In the early years of the auto industry, the factories that produced cars and the parts for them were once confined only to the countries that the manufacturer was established in (BMW in Germany, Toyota in Japan, Ford in the USA, etc). However, as the auto industry rapidly expanded around the globe and cars were being sold in other countries as well, it made sense to produce them closer to the markets. And from the 1960s onwards, as more countries began industrialising – like Malaysia – incentives were also offered to carmakers to invest in local production.
Globalisation of the industry has led to factories being set up all over the world, some to serve a few markets and some as production hubs for regions or even the entire world.
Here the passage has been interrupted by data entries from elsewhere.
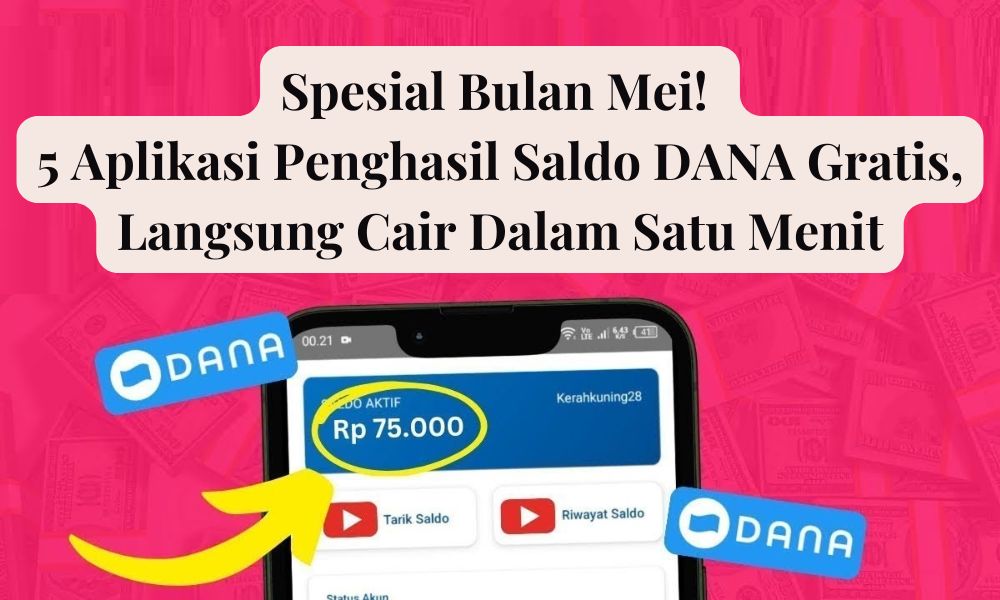 Spesial Bulan Mei! 5 Aplikasi Penghasil Saldo DANA Gratis, Langsung Cair Dalam Satu Menit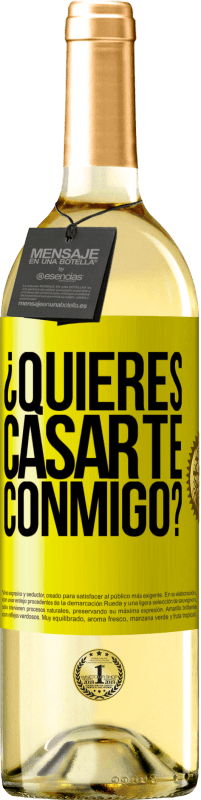 29,95 € Envío gratis | Vino Blanco Edición WHITE ¿Quieres casarte conmigo? Etiqueta Amarilla. Etiqueta personalizable Vino joven Cosecha 2025 Verdejo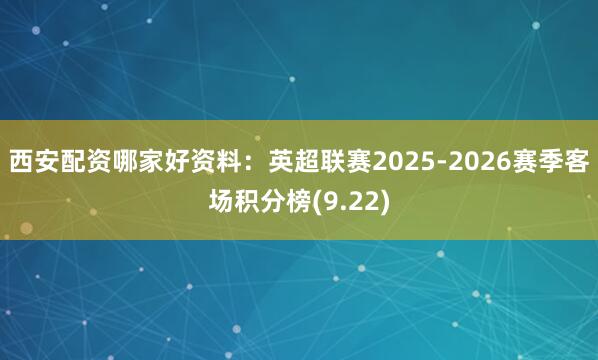 西安配资哪家好资料：英超联赛2025-2026赛季客场积分榜(9.22)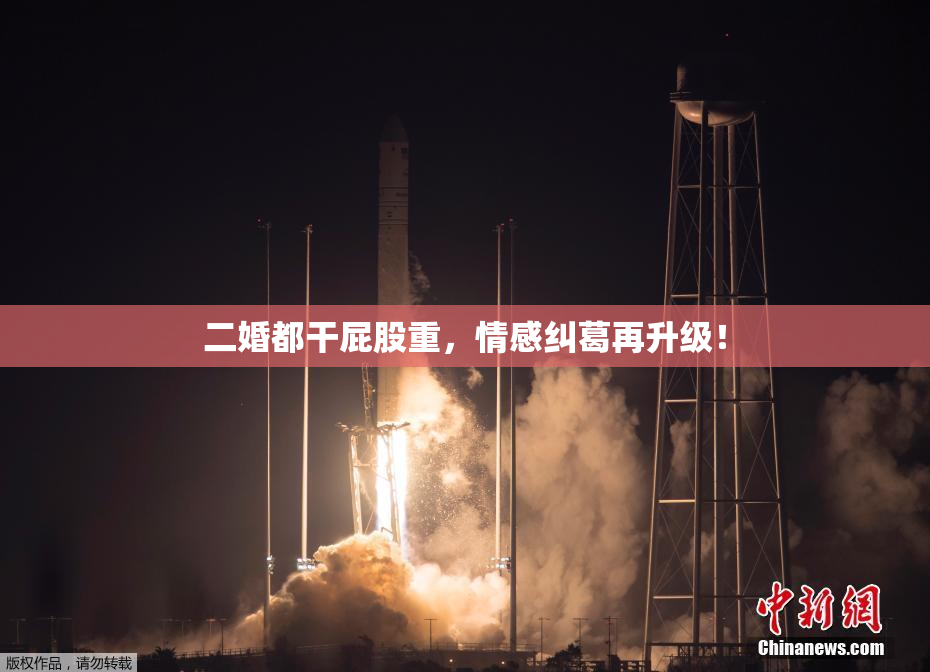 二婚都干屁股重，情感纠葛再升级！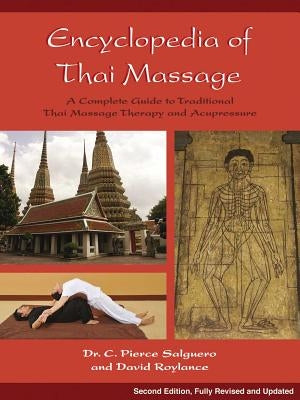 Encyclopedia of Thai Massage: A Complete Guide to Traditional Thai Massage Therapy and Acupressure by Salguero, C. Pierce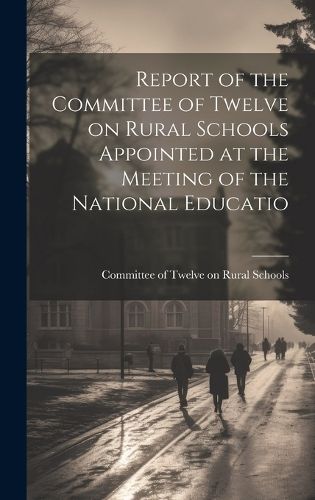 Cover image for Report of the Committee of Twelve on Rural Schools Appointed at the Meeting of the National Educatio
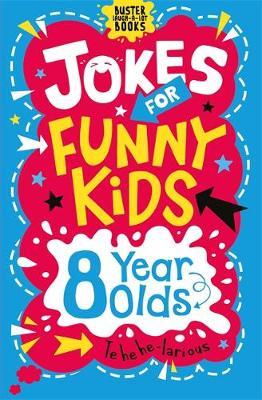Clever Kids Jokes For 8 Year Olds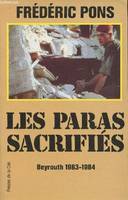 Les paras sacrifiés Beyrouth 1983-1984, Beyrouth 1983-1984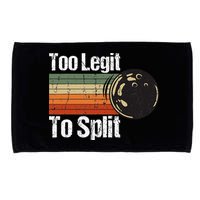 Too Legit To Split Funny Retro Bowling Team Unisex Blower Microfiber Hand Towel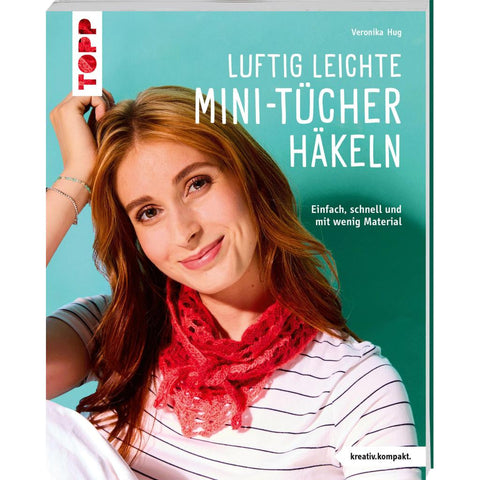 Luftig leichte Mini-Tücher häkeln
The need to have huge volumes for economies of scale that drive down costs is one reason for this approach. There are also political considerations which come into play as exports of vehicles from one country to another need to be ‘balanced’.
While the construction of new factories to make vehicles is ongoing, there is now a wave to establish factories to supply parts and systems for the coming era of electrification. The next decade will see a leap in hybrid and electric vehicles and demand will be great, so the factories must start up now in order to be able to meet that demand.
Incentives matter as well as policy clarity and stability
Choosing a country to build a new factory requires not just careful planning but also consideration of the incentives offered by the government. The investments and job opportunities as well as export potential are also attractive enough to governments to offer investments to attract carmakers. Clarity and stability of automotive policies is also important as carmakers plan over many years and they need to be assured that changes are not made just because a new minister has taken over and had other ideas about the direction.
Thailand has been good at policy stability, which is probably on reason why a number of global players built their production hubs there. Changes of government may occur but policies are maintained and that’s what matters.
BMW chooses Thailand
Following on from BMW Group Thailand’s earlier endorsement for incentives by Thailand’s Board of Investment (BoI) for a 700 million baht (about RM96 million) outlay in BMW plug-in hybrid electric vehicle (PHEV) production, the company has jointly invested with DRAXLMAIER Group in this battery assembly plant, worth 500 million baht (about RM69 million).
“This new beacon for e-mobility innovations will further unlock the competence of Thailand’s automotive industry. The incentives from BoI also symbolize the unity between the public and private sectors in this undertaking towards a sustainable future,” BMW notes.
BMW Group Thailand has thus marked another historic milestone with the inauguration of a local high-voltage battery production plant in partnership with the DRAXLMAIER Group, one of the world’s leading automotive suppliers and a partner of BMW Group since 1966. BMW Group Thailand launched the local assembly lines in July 2019 at the plant in WHA Chonburi Industrial Estate 2. The high-voltage battery assembly plant is assembling both battery modules and the battery itself.
Uwe Quaas, MD of BMW Group Manufacturing Thailand said: “One of the pillars of BMW Group’s global strategy is electrification, and BMW Group Manufacturing Thailand is underlining its commitment to this mission by taking another big step forward in our electro-mobility strategy. The start of local battery production enables us to better respond to growing domestic demand for electrified vehicles in Thailand. This new capability also strengthens the performance of Plant Rayong in fulfilling the country’s mission of sustainable mobility.”
Fully trained workforce
The high-voltage battery is a central element of partially and fully electrified vehicles and a highly sophisticated component that requires specialized skills to produce. Thanks to the advanced training and qualification programs initiated in September 2018, the staff from the DRAXLMAIER Group who have participated in the battery production training program at BMW’s Group Plant Dingolfing – the BMW Group Competence Centre for e-drive production – and the BMW Group pilot plant for e-drivetrains in Munich, are now ready for the high-tech assembly work to produce the latest generation (Gen4) of the BMW Group high-voltage batteries
This involves the use of cutting-edge production technologies onsite including laser welding, plasma activation, robotics, gluing, automated optical and electrical inline quality inspection along with end-of-line testing. The training is also focused on supporting a highly automated process, which is an important part of battery module production, as well as comprehensive quality assurance, product methodology and technology, rework, and analysis.
World-class standards and quality
Equipped with a strong grasp of battery production skills, the staff will work on battery cells provided by a supplier in the Asian region along with other imported parts – such as aluminium housing, electronics, and cables – to roll out high-voltage battery packs that meet BMW Group’s world-class standard and are in full compliance with Thailand’s local content requirement regulation.
Completed battery packs will then be transported to Plant Rayong for the production of the entire range of BMW 5-Series Plug-in Hybrid Vehicles, which has been in operation since July 2019. Since 2017, BMW Group Manufacturing Thailand has assembled four BMW plug-in hybrids at Amata City Industrial Estate, Rayong province.